- **Problem to work on**
Only the lines from the one bearing "Entro Gray &" through the end of the listing belong in your response, restated word for word and without pictures.

- **The records**

┄┄┄┄┄┄┄┄┄┄┄┄┄┄┄┄┄┄┄┄

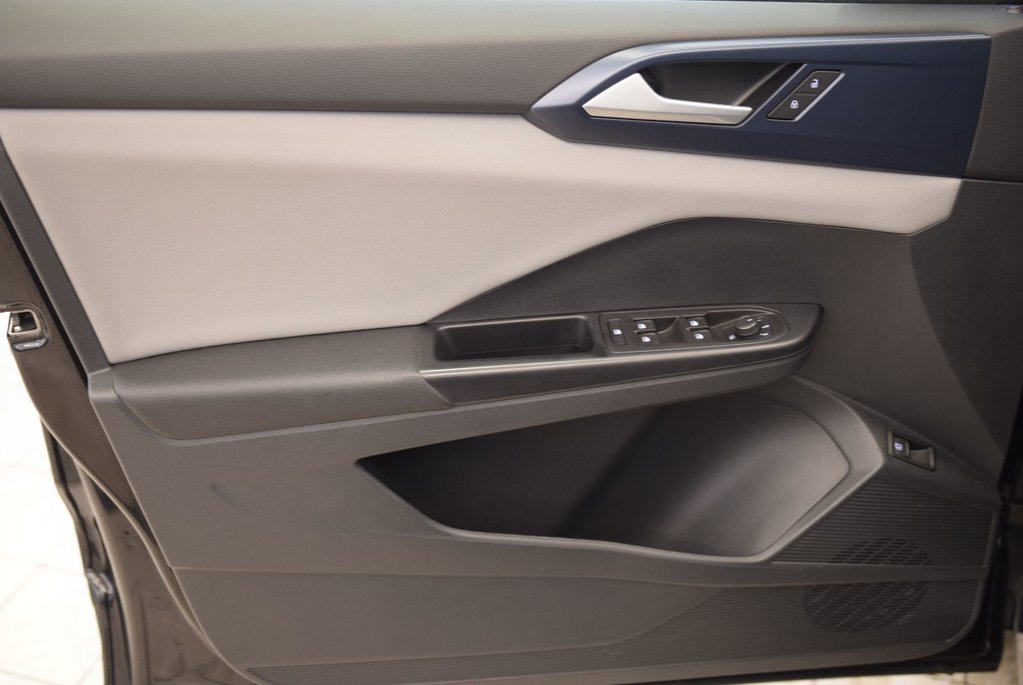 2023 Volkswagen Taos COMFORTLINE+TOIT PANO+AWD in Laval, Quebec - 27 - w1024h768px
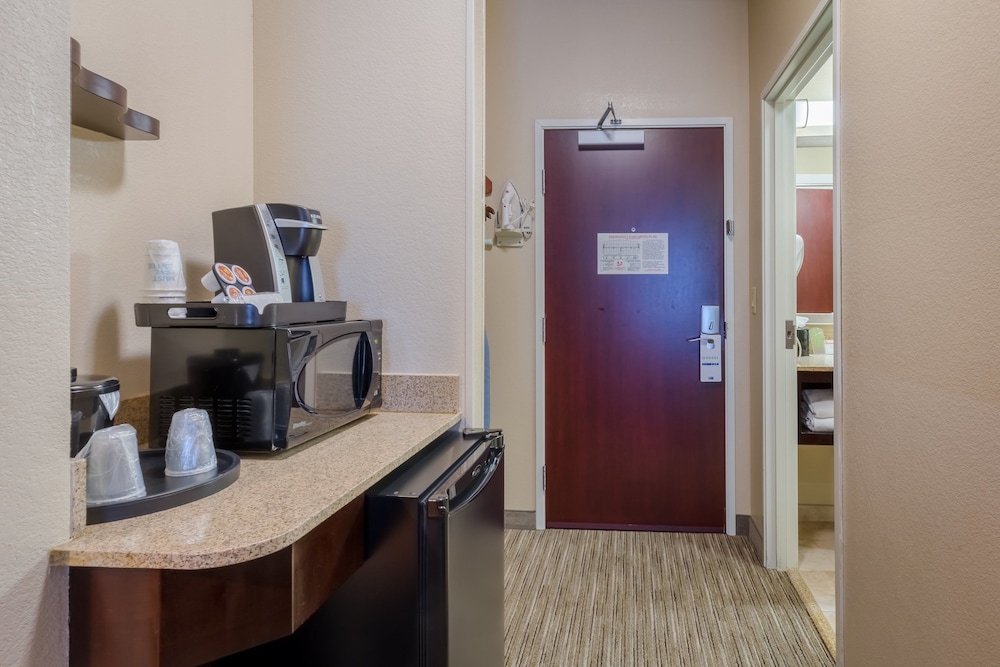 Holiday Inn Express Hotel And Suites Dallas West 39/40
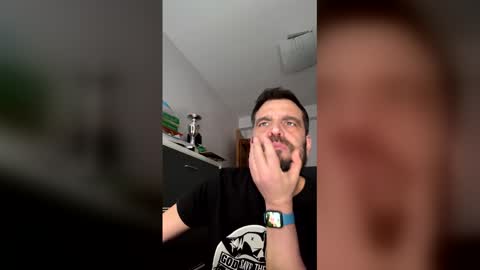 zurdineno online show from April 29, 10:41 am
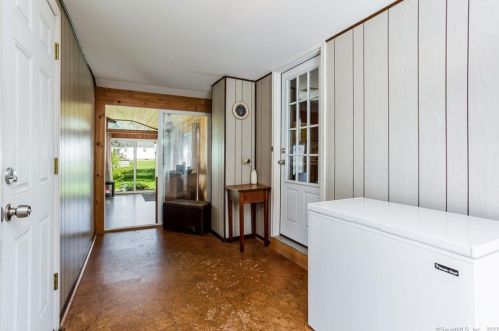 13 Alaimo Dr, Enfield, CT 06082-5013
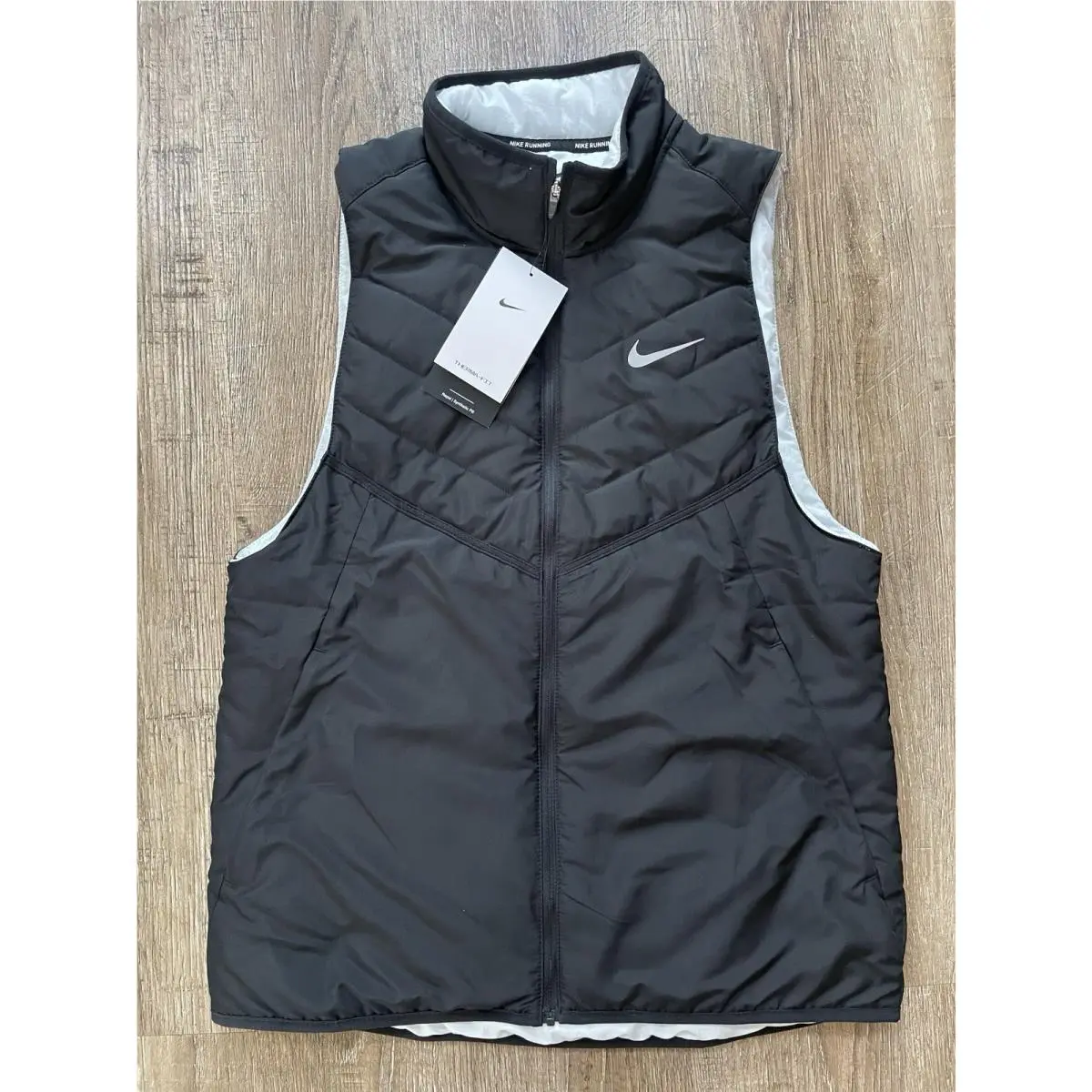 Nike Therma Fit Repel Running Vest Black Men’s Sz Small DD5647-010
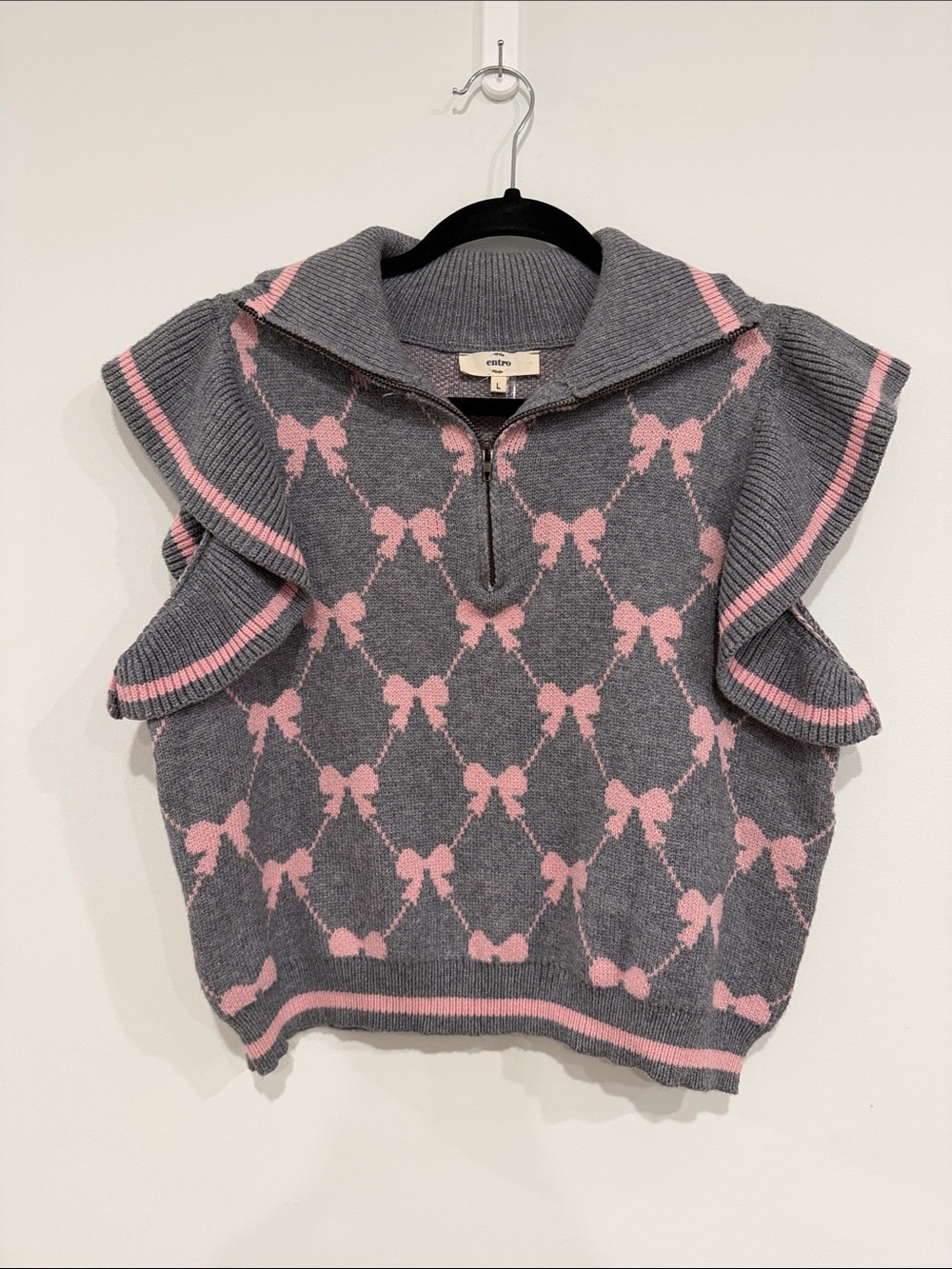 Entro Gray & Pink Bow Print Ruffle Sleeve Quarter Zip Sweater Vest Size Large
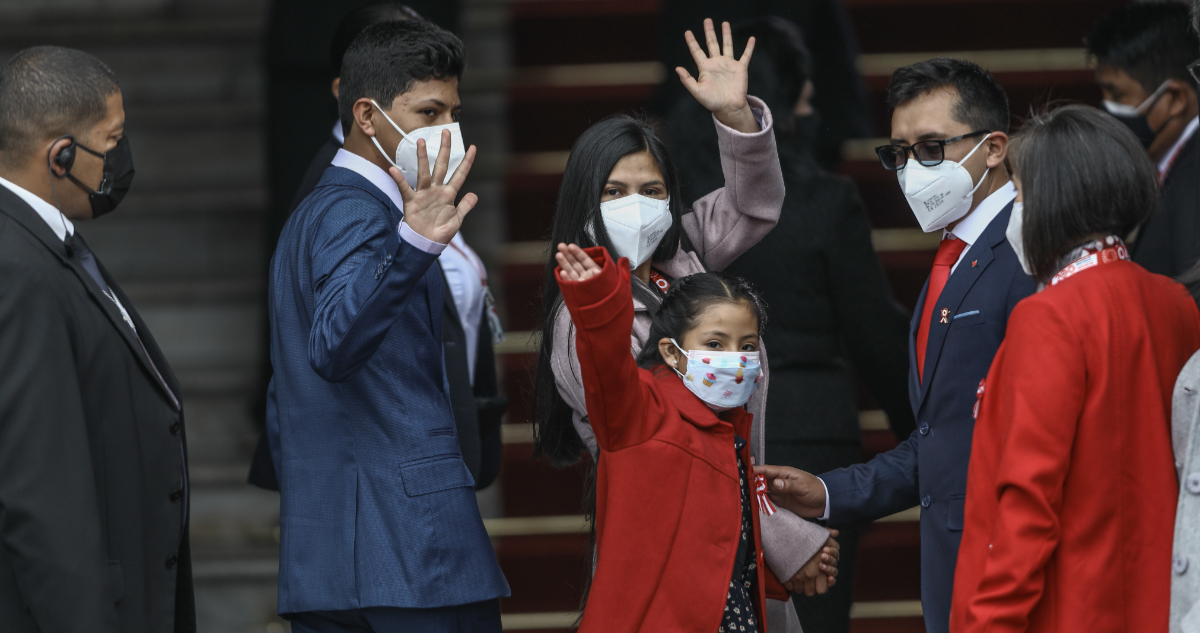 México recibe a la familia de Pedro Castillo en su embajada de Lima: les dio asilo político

┄┄┄┄┄┄┄┄┄┄┄┄┄┄┄┄┄┄┄┄

- **Exercise answer**
 Entro Gray & Pink Bow Print Ruffle Sleeve Quarter Zip Sweater Vest Size Large
 México recibe a la familia de Pedro Castillo en su embajada de Lima: les dio asilo político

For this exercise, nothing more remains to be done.